Monday, April 25, 2016

GLORY DAYS

Victoria Hallman

Nashville
April 2016





     Back in 1975, a couple of brothers making fourteen dollars a night setting up chairs at a Birmingham supper club would never have dreamed they'd end up working with music legends like the Temptations, even if such a thing had crossed their minds, which it didn't. Until it happened.
     Years later, when it was right before my eyes, I still found it hard to believe. There I was, standing in the wings, grooving to the Temptations songs, and wasn't that my old friend Tommy Finley playing trumpet in the horn section, and earlier in the evening, didn't I hear Little Richard's manager asking Tommy's brother Donny for permission to take his famous client backstage? 
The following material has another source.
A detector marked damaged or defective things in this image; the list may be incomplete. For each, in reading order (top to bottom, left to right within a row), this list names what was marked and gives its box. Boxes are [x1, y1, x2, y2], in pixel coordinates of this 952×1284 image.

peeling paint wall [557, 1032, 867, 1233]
Donny Finley with the Temptations Review featuring Dennis Edwards
     It all started when the Temptations Review featuring Dennis Edwards found themselves in need of a tour manager. Dennis Edwards, Grammy-winning lead singer for the Temptations from 1968 to 1989, is from Fairfield, Alabama, hometown of the Finley twins, whose buddy John Taylor played trumpet with the Temptations Review. So when John heard Donny Finley was retiring from Bell South, he knew he'd found the tour
manager Dennis Edwards needed. If you're wondering how Donny's work history with the phone company translated to job experience for a tour manager, the fact is it didn't. No, the Finleys' story is one of following your bliss, and Tommy and Donny's  bliss was music.
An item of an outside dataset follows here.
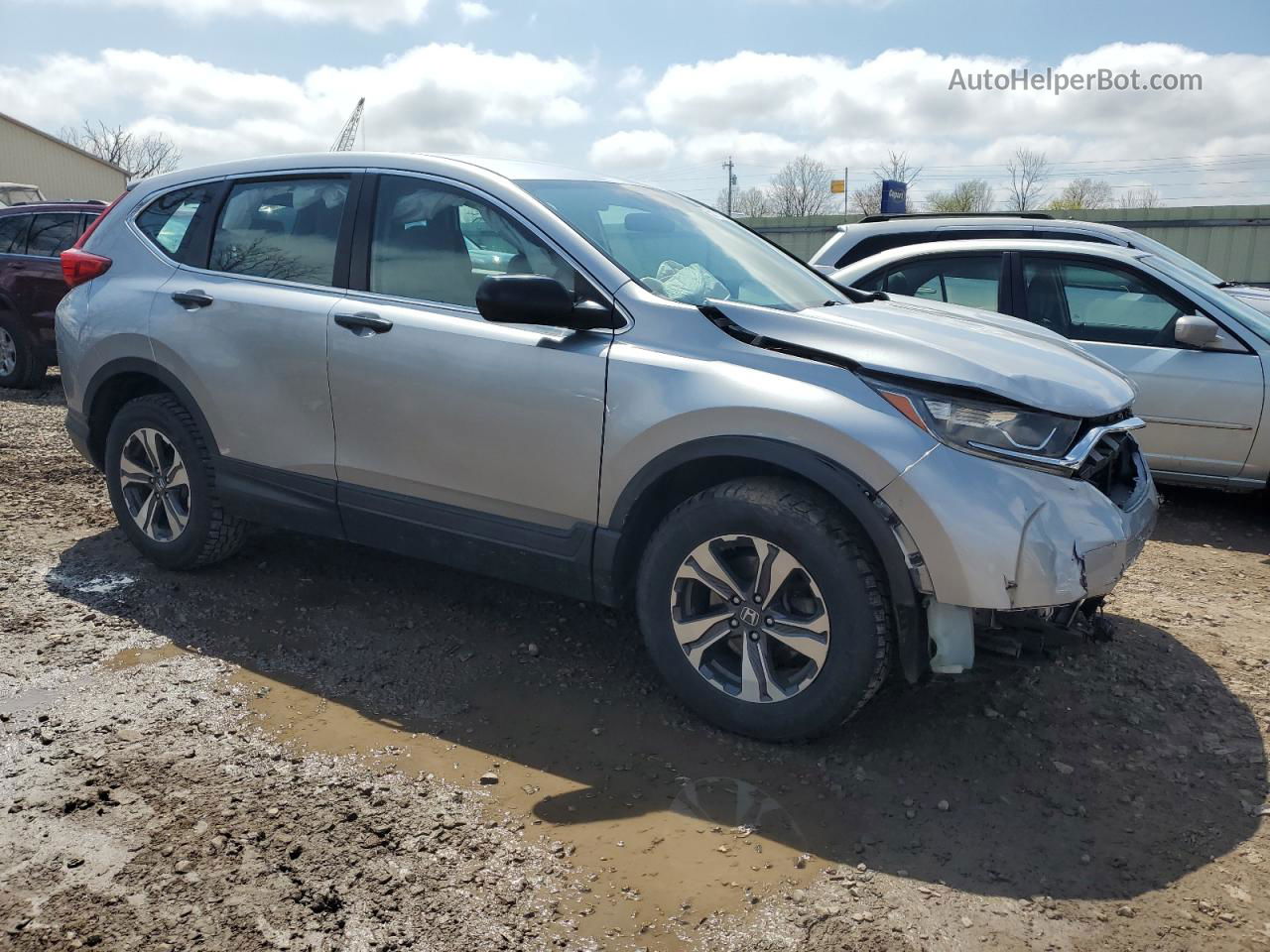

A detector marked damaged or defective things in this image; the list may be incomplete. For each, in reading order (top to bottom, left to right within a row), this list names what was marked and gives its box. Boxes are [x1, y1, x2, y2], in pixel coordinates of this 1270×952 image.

damaged hood [710, 296, 1135, 418]
front end damage [877, 432, 1159, 678]
cracked bumper [881, 444, 1159, 611]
Tommy Finley with the Temptations Review featuring Dennis Edwards
     Which was how I met them. That club where they were moonlighting for fourteen dollars a night back in 1975 was the Bachelors' Sho-boat on Morris Avenue and I was the female vocalist with the Bachelors. As Tommy Finley tells it, one night he was having a beer at the Sho-boat, when Bill Robinson, the club's manager, asked him if he'd take fourteen dollars to lend a hand setting up chairs.
     Tommy says, "I figured if I was going to be there every night anyway, I might as well make some money."

The Bachelors featuring Vicki Hallman c.1972 (l-r) Bobby Daye, Al Rocco, Ray Rachels, Vicki, Vince Ceravolo
  Pretty soon, brother Donny was running the spotlight, and the twins had become an indispensable part of the Sho-boat crew, doing everything from collecting cover charge to shepherding me safely to and from work. But the Sho-boat wasn't the only nightclub the Finleys frequented. The two brothers spent equal time at the Canebreak and following local favorites like the Tikis from showroom to showroom, until they were as well-known on the Birmingham night-scene as the musicians they followed. Those were the "Glory Days" Springsteen sang about, but sometimes glory days don't pass you by, sometimes they become a glory road, and old friends go along for the ride.
     Like when the Finley twins invited me to Memphis for An Evening of Soul, Celebrating Peabo Bryson's 60th Birthday, presented by David Gest. Not familiar with David Gest? Well neither was I, but let me tell you, the man knew how to throw a party, which isn't surprising since he produced Michael Jackson: 30th Anniversary Celebration: The Solo Years, said to be the highest-rated
Victoria Hallman and Percy Sledge at rehearsal for An Evening of Soul
television special in history, and if An Evening of Soul had been televised, it would have ranked right up there. I can't possibly list all the legends who appeared that night, so I'll just name a few of the Alabamians: Eddie Floyd (Montgomery); Candi Staton (Hanceville); Percy Sledge (Leighton); and of course, Dennis Edwards (Fairfield) and David Sea (Birmingham) of the Temptations Review.
     Needless to say I felt plenty comfortable, not only because I was with homefolks, but because I was warmly welcomed by everyone, including the host, David Gest, to whom Tommy Finley introduced me, adding, "Victoria used to be on Hee Haw."
     "Hee Haw?" Mr. Gest exclaimed, "I love Hee Haw! I even have Hee Haw overalls."
     Now if that didn't make me feel right at home, I don't know what would, because Hee Haw overalls were made by Liberty Trouser Company in Birmingham, and I'm betting that's an Alabama-Nashville connection you never made, even though it was right there on your TV screen every week for twenty-five years.
                                   
                                           RIP David Gest, May 11, 1953-April 12, 2016.
    
    
David Gest at An Evening of Soul



Sunday, March 20, 2016

From the Heart of Alabama to Hee Haw


Nashville, January 2016

From the Heart of Alabama to Hee Haw

I was only six years old and too small to reach the boom mic that towered over me in the barn-sized studio of Heart Recording Company. But in those days, when egg cartons tacked to the walls served as sound proofing for music captured by reel-to-reel tape, and splicing that tape was accomplished with the same kind of tools used to create the cardboard box it came in, record producers thought in terms of whatever worked.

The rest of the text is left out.